* **Exercise description**
In the records below, the line with "Language models like" opens the range and the line with "Now let's write" closes it; print that range exactly and nothing else.

* **Given data**
=== Section Start ===

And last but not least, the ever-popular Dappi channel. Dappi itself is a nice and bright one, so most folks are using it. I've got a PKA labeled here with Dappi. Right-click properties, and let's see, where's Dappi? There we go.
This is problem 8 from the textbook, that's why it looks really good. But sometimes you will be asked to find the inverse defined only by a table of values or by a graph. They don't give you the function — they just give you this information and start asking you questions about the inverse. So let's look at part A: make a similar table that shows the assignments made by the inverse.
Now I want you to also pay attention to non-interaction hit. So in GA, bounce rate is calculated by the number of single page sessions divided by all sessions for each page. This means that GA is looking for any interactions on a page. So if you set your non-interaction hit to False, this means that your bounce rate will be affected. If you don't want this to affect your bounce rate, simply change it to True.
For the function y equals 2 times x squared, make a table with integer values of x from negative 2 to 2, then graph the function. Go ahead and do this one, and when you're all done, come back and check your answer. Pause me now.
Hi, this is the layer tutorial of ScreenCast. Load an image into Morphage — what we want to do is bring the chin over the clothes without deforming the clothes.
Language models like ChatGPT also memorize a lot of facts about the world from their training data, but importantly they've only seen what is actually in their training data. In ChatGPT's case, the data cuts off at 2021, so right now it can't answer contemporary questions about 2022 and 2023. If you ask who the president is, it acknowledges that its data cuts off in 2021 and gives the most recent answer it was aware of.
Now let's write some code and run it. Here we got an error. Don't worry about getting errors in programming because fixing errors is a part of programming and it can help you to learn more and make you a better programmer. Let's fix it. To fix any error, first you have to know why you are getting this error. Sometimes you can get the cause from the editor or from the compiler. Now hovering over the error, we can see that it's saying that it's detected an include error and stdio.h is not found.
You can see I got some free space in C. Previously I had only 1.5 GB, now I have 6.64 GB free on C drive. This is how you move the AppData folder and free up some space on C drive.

=== Section End ===
=== Section Start ===

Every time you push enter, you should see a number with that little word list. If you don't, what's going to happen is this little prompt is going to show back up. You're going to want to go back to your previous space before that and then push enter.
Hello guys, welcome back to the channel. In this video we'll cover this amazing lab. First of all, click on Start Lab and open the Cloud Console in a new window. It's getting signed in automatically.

=== Section End ===

* **Output below**
Language models like ChatGPT also memorize a lot of facts about the world from their training data, but importantly they've only seen what is actually in their training data. In ChatGPT's case, the data cuts off at 2021, so right now it can't answer contemporary questions about 2022 and 2023. If you ask who the president is, it acknowledges that its data cuts off in 2021 and gives the most recent answer it was aware of.
Now let's write some code and run it. Here we got an error. Don't worry about getting errors in programming because fixing errors is a part of programming and it can help you to learn more and make you a better programmer. Let's fix it. To fix any error, first you have to know why you are getting this error. Sometimes you can get the cause from the editor or from the compiler. Now hovering over the error, we can see that it's saying that it's detected an include error and stdio.h is not found.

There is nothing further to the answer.